Another year, another tear


I'm a little late on this, but the Bug turned the big oh-five on Tuesday, and I'm not sure what to think of it.  I didn't get all sad or freaked out about it like I thought I would.

In a way, it's just another number, just like all the rest.  But, in another way, it seems so...BIG.  Turning five is a big deal right?  Starting kindergarten soon, old enough to go to camp...

I keep wondering why I'm not crying.  Will the tears flow like a river on the first day of school???
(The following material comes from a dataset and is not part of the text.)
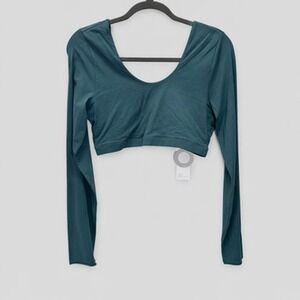 Skin Worldwide Bralette XL Dusty Aqua Organic Cotton L/S Open Back Balletcore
I do think about how FAST it has gone, and it kinda makes me queasy.  If the first five years flew by this fast, will the rest?  Oh, Lord, let her go to a local college.  Let her live at home until she's married.  And let her wait until she's 30 to get married.

I know this is not the right stuff to be praying.  I just don't know what I'm GOING.TO.DO!!!!

I guess I'm getting ahead of myself.  But it's going by so quickly, it seems as though the time is getting ahead of me.

What I want to know is this -- why didn't time go by this fast when I was a kid???  I feel like I been robbed!

Well, I'll quit playing my violin long enough to tell you this.

The other day, I was loving on her and she said something about turning five in a few days.  I said, "I know, I can't believe it!  It makes me sad!  My little baby is growing so fast."

This is what the Bug said to me.  "Oh, Mama, I'll always be your baby."

Yes, the tears did flow then.  That was some healing salve to a heavy heart is what it was.  That girl is so wise.  She knew just what her Mama needed to hear.

So I'll just keep watching while my baby grows.

I am comforted by the fact that when I watch her sleep, I can still see that little baby chin....those little baby lips...those big baby eyes.  My little baby is still in that little body that keeps getting longer by the second.

God, I love that kid.

Happy Birthday, Bug!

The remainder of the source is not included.